▶ **WORK REQUIRED**:
Your answer is the lines below, exactly, from the one that contains "Beautiful photograph of a pink orchid" through the one that contains "Picture 02 - Ayuub", both included.

(Saved entries)
^^^^^^^^^^^^^^^^
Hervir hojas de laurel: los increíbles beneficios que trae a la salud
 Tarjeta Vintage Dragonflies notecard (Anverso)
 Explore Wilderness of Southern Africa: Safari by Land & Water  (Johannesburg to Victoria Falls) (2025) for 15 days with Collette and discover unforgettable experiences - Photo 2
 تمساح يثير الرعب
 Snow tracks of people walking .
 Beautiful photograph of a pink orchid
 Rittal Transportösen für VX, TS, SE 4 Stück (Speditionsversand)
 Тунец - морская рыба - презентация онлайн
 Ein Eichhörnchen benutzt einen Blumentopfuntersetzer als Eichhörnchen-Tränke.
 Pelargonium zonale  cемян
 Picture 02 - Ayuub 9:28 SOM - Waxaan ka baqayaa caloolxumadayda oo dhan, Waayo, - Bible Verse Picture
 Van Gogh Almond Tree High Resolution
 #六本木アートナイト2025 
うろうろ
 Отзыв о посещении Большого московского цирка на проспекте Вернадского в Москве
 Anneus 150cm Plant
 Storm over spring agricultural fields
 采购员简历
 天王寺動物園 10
^^^^^^^^^^^^^^^^
▶ **RESULT OF THE EXERCISE**:
 Beautiful photograph of a pink orchid
 Rittal Transportösen für VX, TS, SE 4 Stück (Speditionsversand)
 Тунец - морская рыба - презентация онлайн
 Ein Eichhörnchen benutzt einen Blumentopfuntersetzer als Eichhörnchen-Tränke.
 Pelargonium zonale  cемян
 Picture 02 - Ayuub 9:28 SOM - Waxaan ka baqayaa caloolxumadayda oo dhan, Waayo, - Bible Verse Picture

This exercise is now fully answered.